Pour commémorer le 40ème anniversaire de la sortie de l’album Teaser, et assouvir les désirs des fans éplorés, UDR Music publie un coffret deluxe contenant un beau livret sur papier glacé, 3 LP vinyle, plus deux CD best of live de concerts captés à Ebbets Field, The Northern Lights, My Father’s Place et Albany. L’ensemble laisse entendre des prises de son studio qu’on pensait perdues depuis longtemps et des sessions originales mises de côté. Tommy Bolin qui a eu une éphémère carrière de 7 années a collaboré avec des groupes comme Zephyr, The James Gang et Deep Purple. En dehors de Django Reinhardt, Carl Perkins et Jimi Hendrix, il ne revendiquait aucune autre influence.
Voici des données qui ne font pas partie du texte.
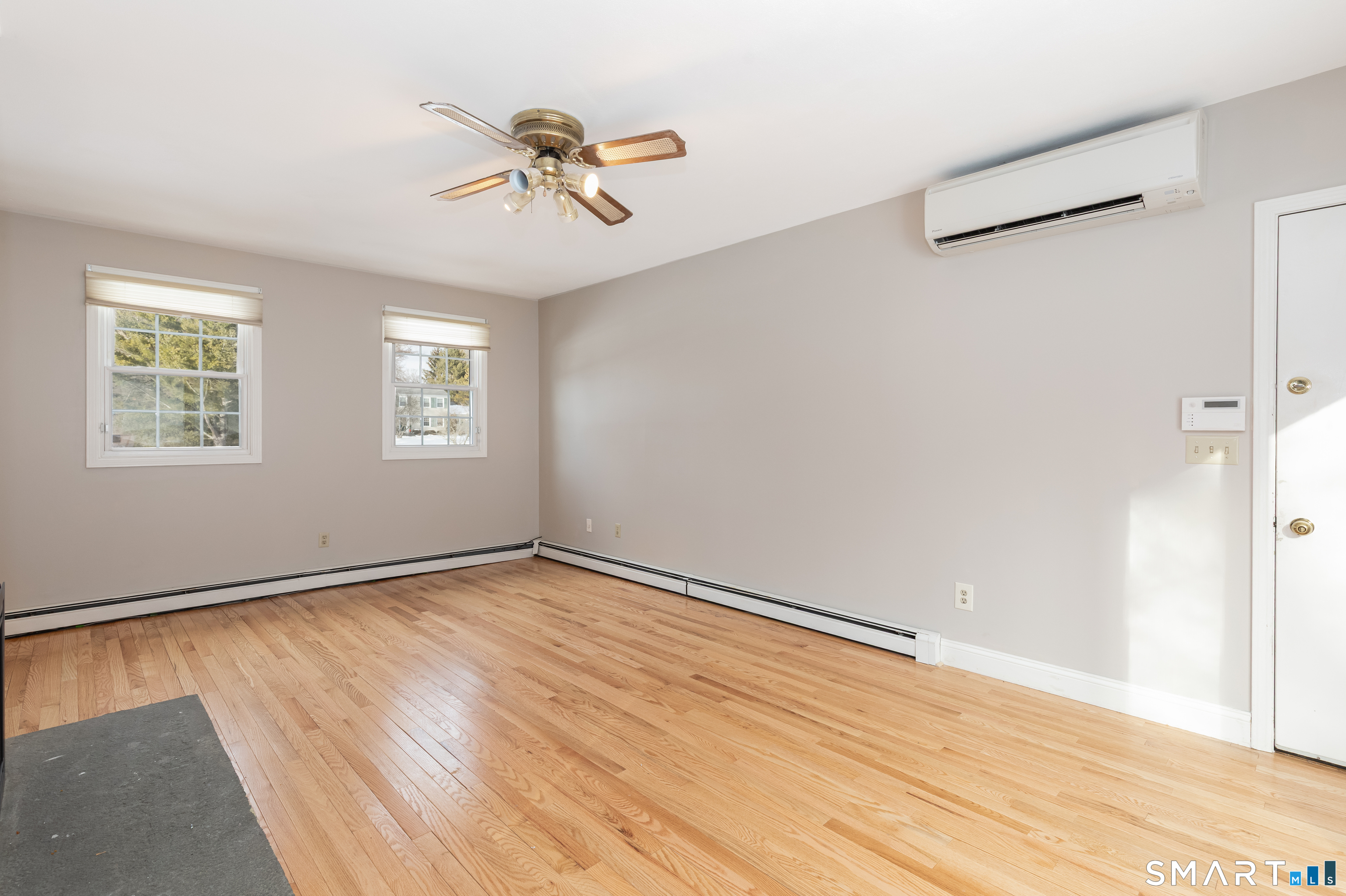 10 Apple Tree Road Bethel, CT 06801 - Photo 12 of 32 a view of an empty room with wooden floor and a window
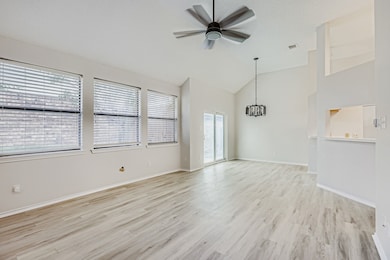 Unfurnished living room featuring light wood-style flooring, ceiling fan, high vaulted ceiling, and a chandelier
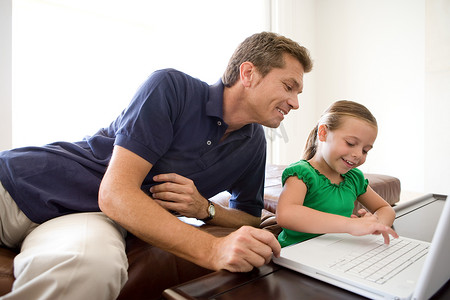父亲和女儿使用笔记本电脑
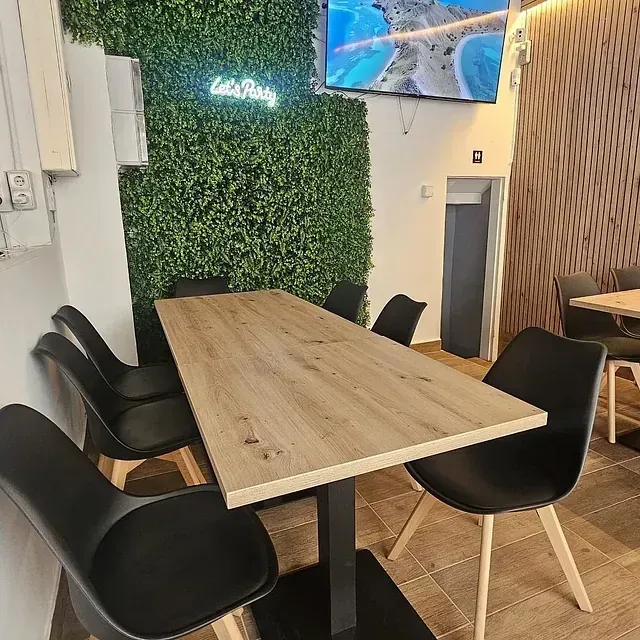Un restaurante con una mesa y sillas y un letrero de neón que dice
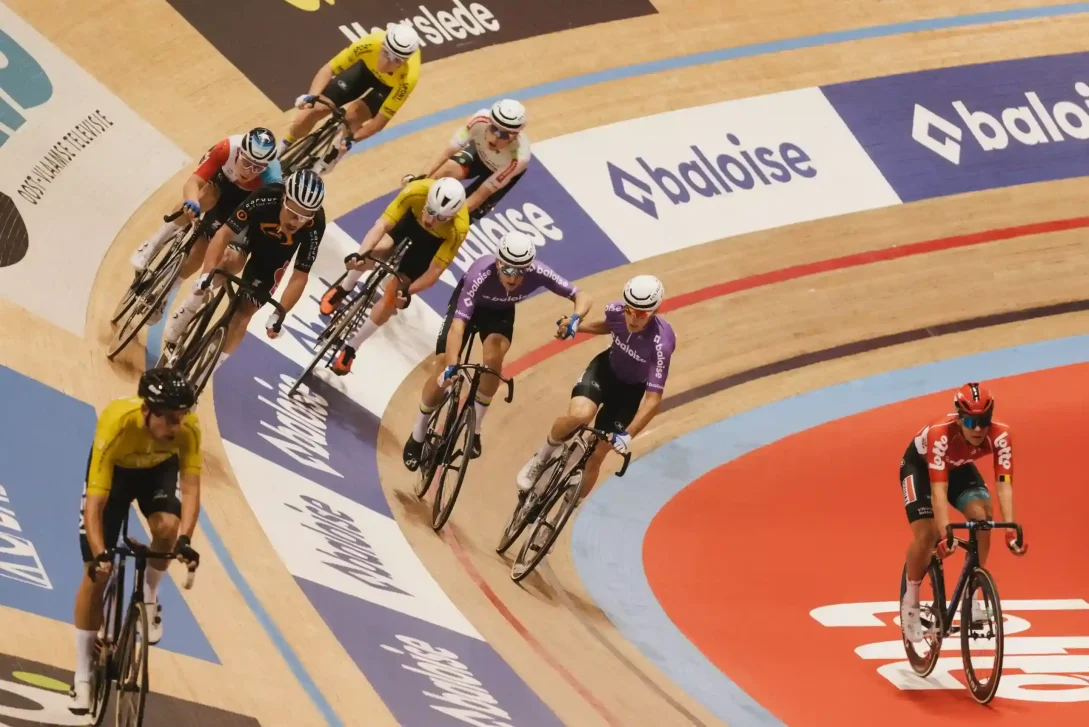Actiefoto van een baanwielrenwedstrijd teamsprint met Baloise-reclame op de baan en o.a. 2 Baloise renners in de race.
Cette étoile filante qui a fait partie du cercle restreint des brillants guitaristes, rapidement affublé du titre de guitar hero, a abordé différents styles avec brio. Il a créé une fusion de formes libres allant du jazz au hard rock, du funk à la musique latine et au reggae. Sorti en 1975 alors qu’il venait d’intégrer Deep Purple en remplacement de Ritchie Blackmore, Teaser était le chef-d'œuvre solo que Bolin n’a jamais eu la chance de promouvoir correctement, sa mort prématurée d’une overdose à l’âge de 25 ans en 1976 ayant mis un point final à son œuvre.  Réédition mémorielle, ce coffret révèle un univers musical qui traverse les décennies sans subir l’outrage des ans. Un superbe objet qui honore la mémoire de ce talentueux guitariste qui restera dans la l’histoire du rock.
Gilles Blampain

The Troy Redfern Band
Backdoor Hoodoo

Genre musical: Blues rock
Label : BLUES BOULEVARD
Distributeur : MUSIC AVENUE

Troy Redfern, guitariste issu d’un coin perdu tout proche de la frontière galloise, est à ce jour fort méconnu, et c’est une réelle injustice.  A douze ans à peine, il voit la lumière, au cours d’une projection de Back To The Future, à l’instant même où y retentissent les accords du  redoutable ‘Johnny B Goode’. Il se met aussitôt à l’instrument… Et après diverses collaborations, c’est en 2008 qu’il construit son propre studio. Déjà auteur de deux albums, il se lance maintenant dans une autre aventure, le power trio, une formule qui convient parfaitement à ce genre d’exercice. Il s’adjoint tout d’abord les services de Stuart McDonald, bassiste émérite qui accompagna Freddie King ou Muddy Waters, mais encore Paul Rodgers, leader de Free et Bad Company. A la batterie, un certain Alex Bridge, aux références moins prestigieuses, mais au talent irréfutable. Un talent qui éclate ici dès le morceau d’introduction, ‘It Starcks’ où les bases sont posées d’entrée de jeu : un bassiste qui propulse l’ensemble, un batteur à la frappe sèche et précise, et Troy Redfern donc à la slide guitar – qui se révèle aussi excellent vocaliste. Solo incisif, composition solide, voilà une fort belle entrée en matière. Il s’agit bien ici de blues-rock, mais le trio évite les pièges qui peuvent rendre le style scolaire, exagérément appliqué. Ils évitent la rigidité, abordent le rockabilly (‘The Other Side’)  ou encore le country blues (‘Lamb Of Zion’), sans jamais s’éloigner des fondamentaux (les excellents ‘Salvation’ et ‘Backdoor Hoodoo’). Ça ne sonne jamais daté, au point  parfois de rappeler tous ces jeunes groupes à guitares. L’objet lui-même est très soigné, et nous est proposé par un label spécialisé qu’on ne peut que recommander.